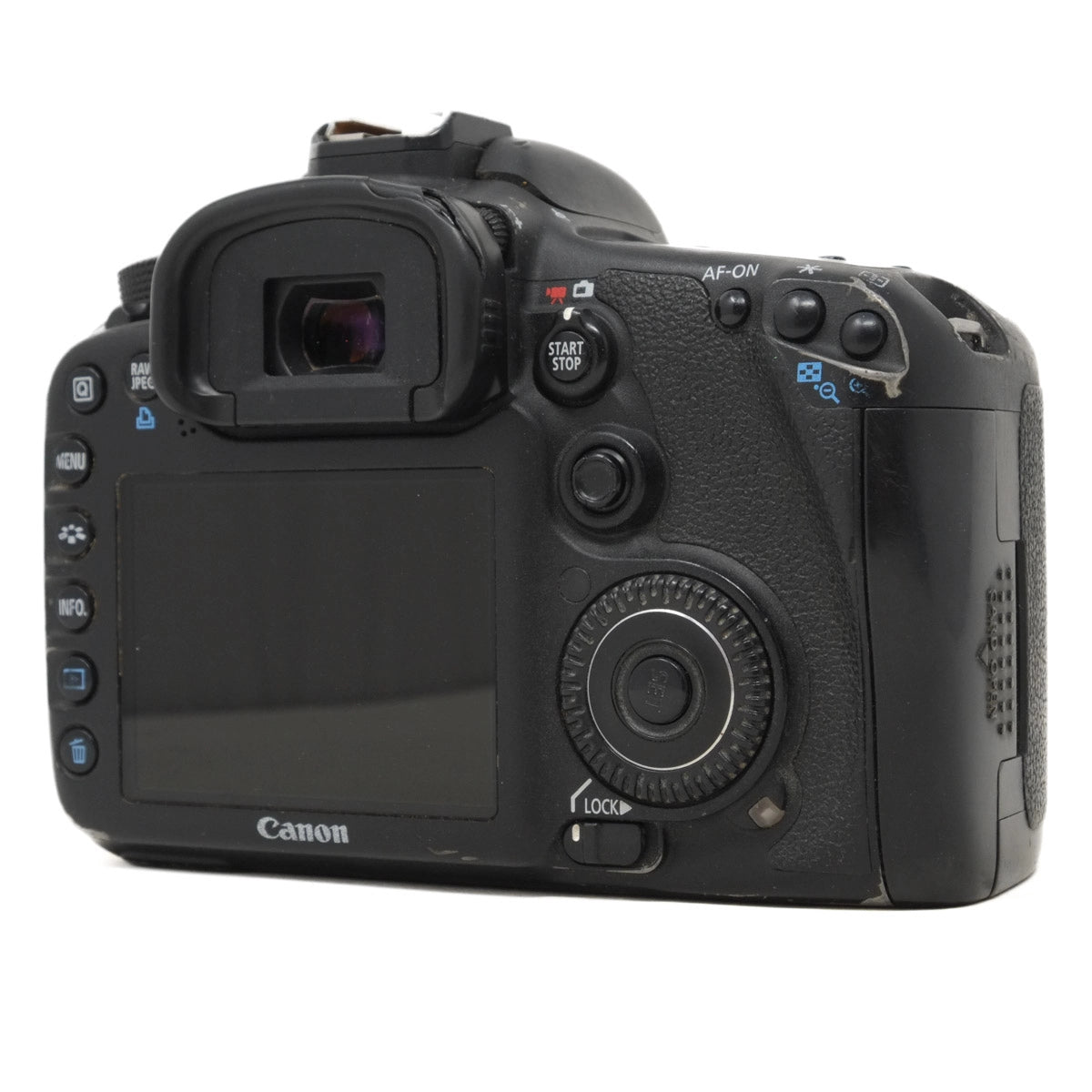 Canon camera body on a white background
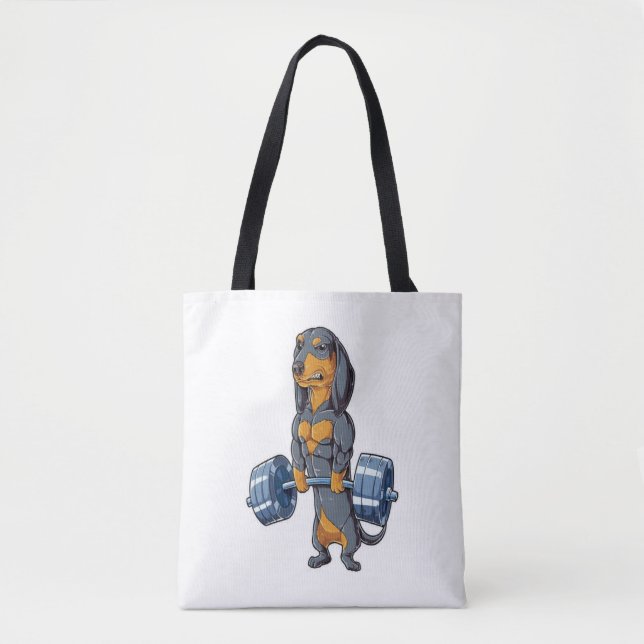 Bolso De Tela Halterofilia de Dachshund (Anverso)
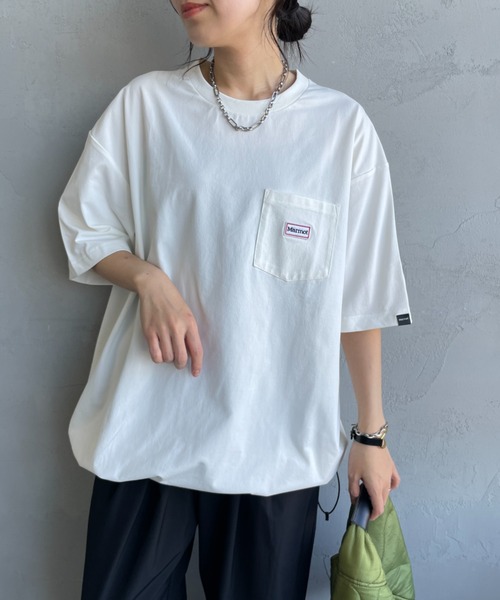 uvカット tシャツ 「Marmot/マーモット」 別注 ドローコード付き ワッペンロゴ ポケットTシャツ「追加」 レディース メンズの画像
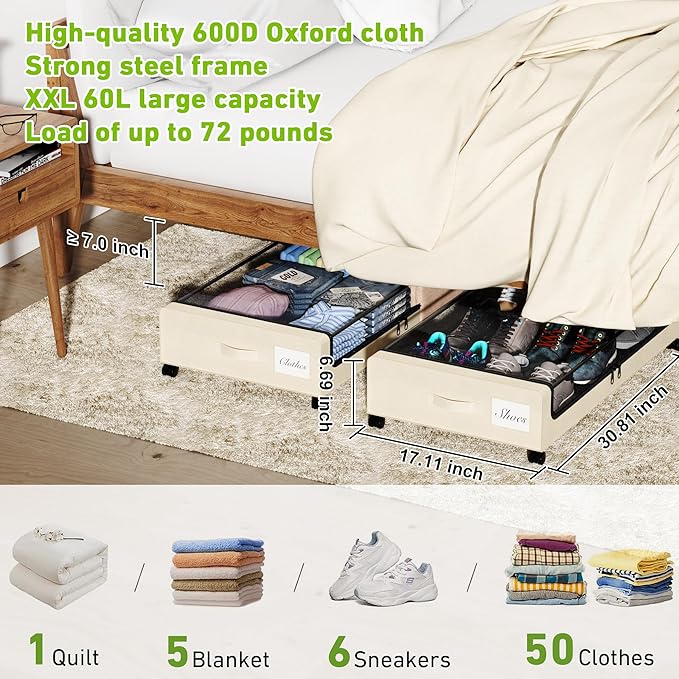 Under Bed Storage with Wheels, Under the Bed Storage Containers with Clear Lids & Label, Underbed Storage Bins, XXL 60L Rolli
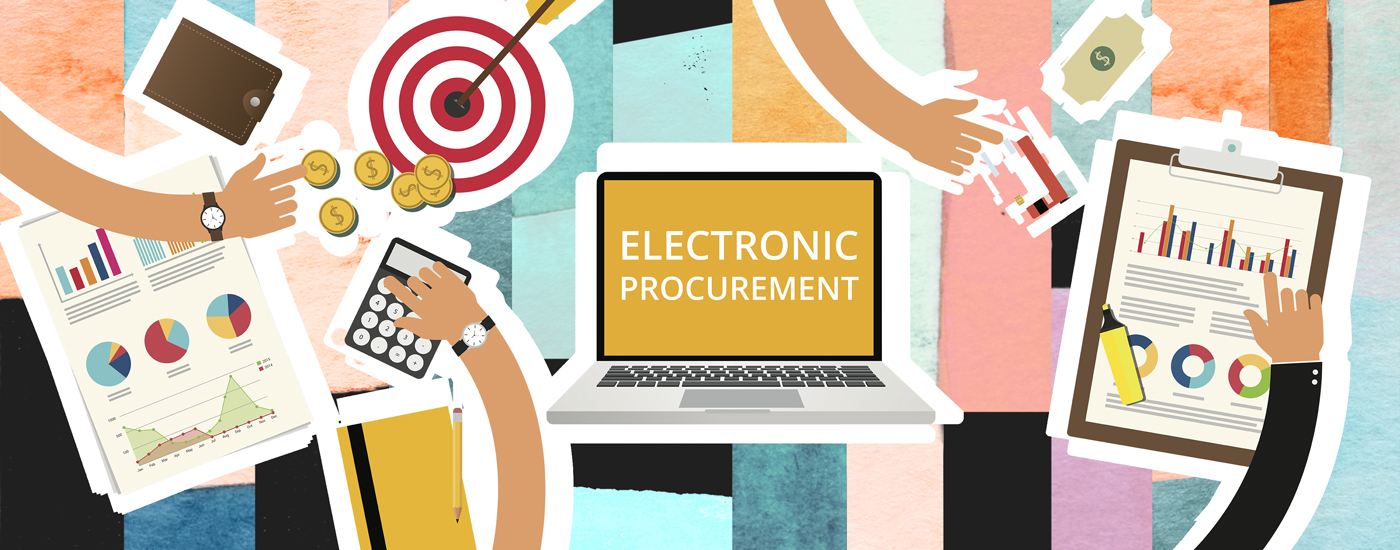 a computer in the middle with the words electronic procurement, hands around the computer hold money, calculators and graphs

### ACTIVITY:
Restate every line of the listing exactly. Pictures are not part of the copy.

### TASK OUTPUT:
 Canon camera body on a white background
 Bolso De Tela Halterofilia de Dachshund (Anverso)
 uvカット tシャツ 「Marmot/マーモット」 別注 ドローコード付き ワッペンロゴ ポケットTシャツ「追加」 レディース メンズの画像
 Under Bed Storage with Wheels, Under the Bed Storage Containers with Clear Lids & Label, Underbed Storage Bins, XXL 60L Rolli
 a computer in the middle with the words electronic procurement, hands around the computer hold money, calculators and graphs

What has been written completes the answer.